|
Hudson Valley
Review
Third Quarter 2002
Marist College
Dr. Ann Davis, Director
Bureau of Economic Research
School of Management
Poughkeepsie, NY 12601
December 2002
The assistance of Scott Bergen,
Viktor Sapezhnikov and Lindsay Furtado is acknowledged and
appreciated.
Table of Contents
Third Quarter 2002
Summary and Highlights
National Review
Hudson Valley Review
Third Quarter 2002 Exhibits
U.S. Nonfarm Employees
Employment
Production Workers
Home Sales
Tourism
Stewart and Westchester Airports
Consumer Price Index, Bankruptcies and Sales Tax
Collection
Temporary Assistance - Second Quarter 2002
Special Focus - Business Confidence Survey
Summary and Highlights
Hudson Valley Review - Third Quarter 2002
- Job growth continued in the Hudson Valley region
in the third quarter, along with an increase in
the regional unemployment rate. The labor force
increased faster than the number of jobs in most
counties, although both are growing, and the
regional unemployment rate remains at 4%. The
regional unemployment rate is much lower than New
York City, New York State, and the U.S., although
the trend toward increasing unemployment rates is
observed in all the mentioned geographic areas,
compared with the same quarter one year ago.
- The number of jobs in the region increased by
almost 3000, a scant .3% of the total employment
in the region. The job losses continued in
manufacturing, while the largest gains were in
construction and government.
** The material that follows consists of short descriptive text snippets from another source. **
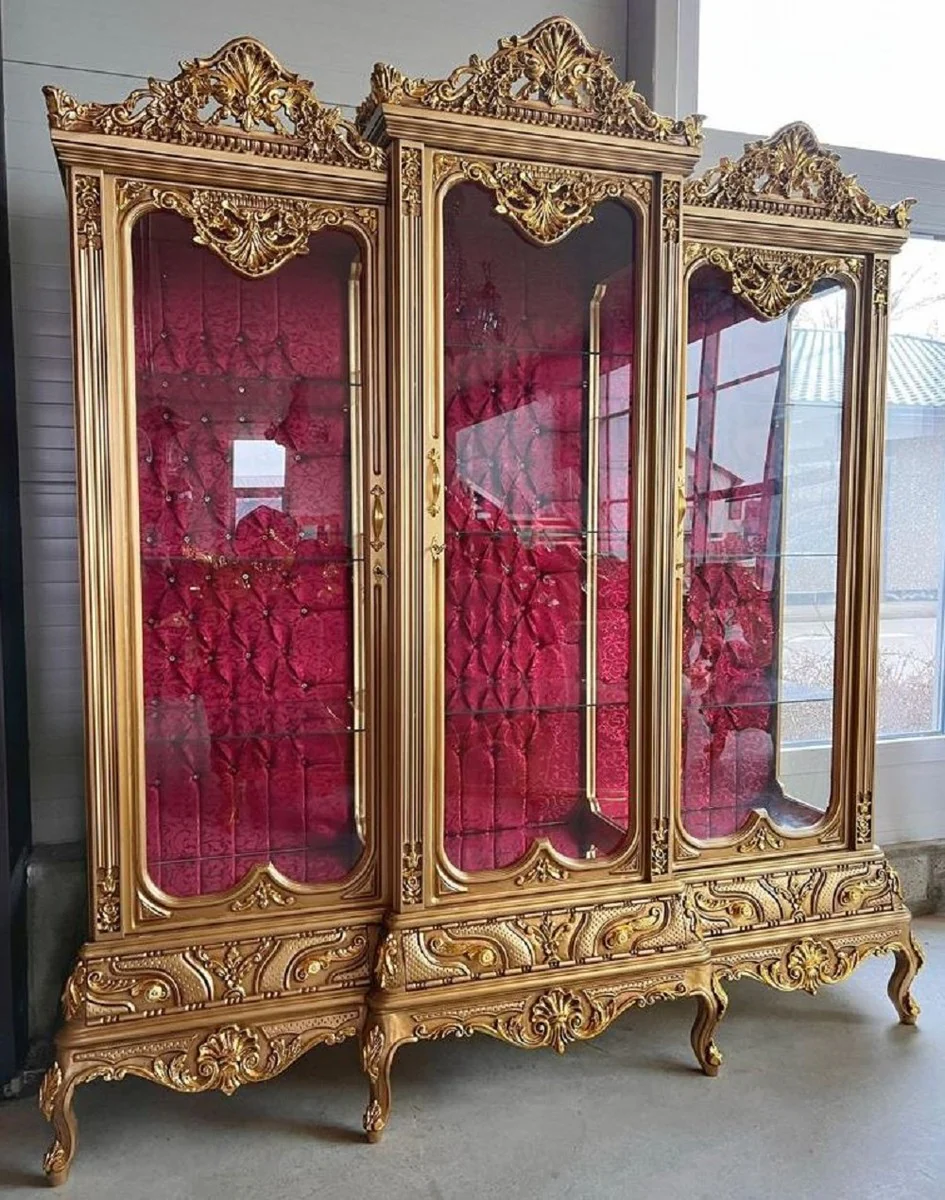 Baroque display cabinet gold / burgundy red - handmade solid wood display cabinet with 3 glass doors and glittering stones - baroque furniture - noble and magnificent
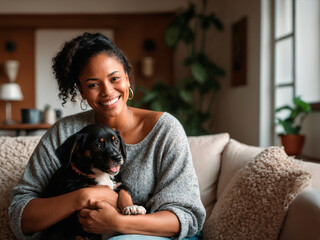 Obraz premium Afeto Natural: Mulher e Filhote de Cachorro Demonstram Amor e Cuidado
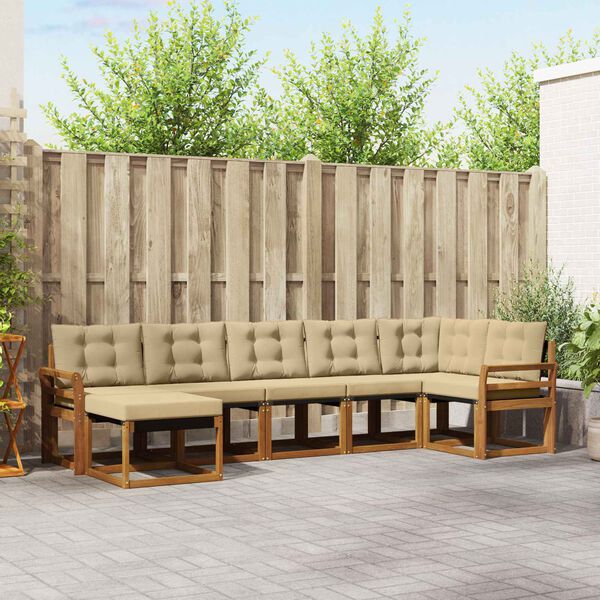 vidaXL Lauko sofos komplektas su pagalve 7 pcs Natūralus ir bežinis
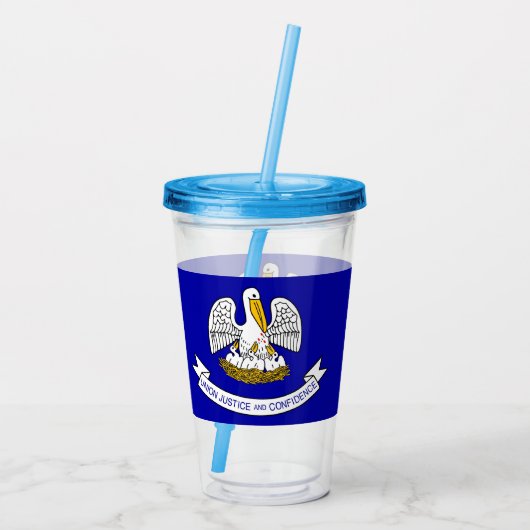 ルイジアナ州旗を持つ愛国的なアクリルタンブラー アクリルタンブラー (裏面)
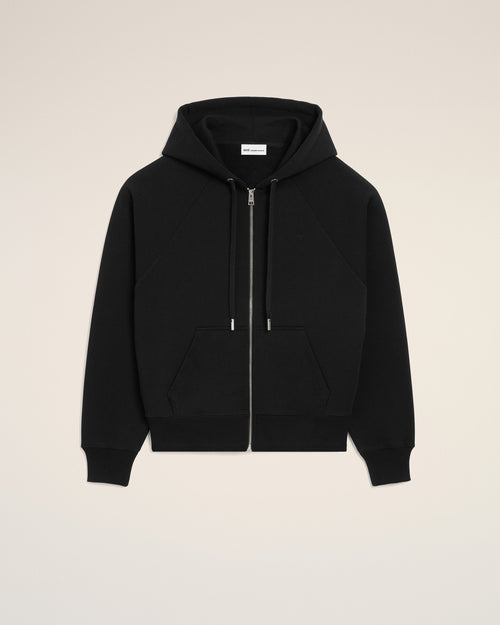 Black Zipped Cotton Hoodie with Embossed Ami De Coeur  - Woman - 7 - AMI Paris - Ami Paris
The largest
employment increases were in Greene and Sullivan,
with stable and slightly declining levels in other
counties.
- The average hourly earnings of production
workers barely budged in the third quarter, not
quite keeping up with inflation. Hours worked also
had a small gain, with an overall increase of
weekly earnings of 2% for the quarter.
- The number of homes sold decreased in the region
in the third quarter, compared with year-ago
figures. This is surprising given the recent
declines in interest rates. The average and median
price of homes sold continued to grow, however,
reducing affordability in most counties in the
region.
- The number of building permits decreased in the
third quarter, while the average value of
construction increased modestly.
- Sales tax revenue continued to grow in the
region, compared with the same quarter one year
ago, suggesting a robust retail sales trend.
- Bankruptcies increased dramatically in the
region, compared with other regions in New York
State, possibly due to the consumer debt burden.
- The number of recipients of financial assistance
decreased in the region, due to declines in the
federally supported family assistance program.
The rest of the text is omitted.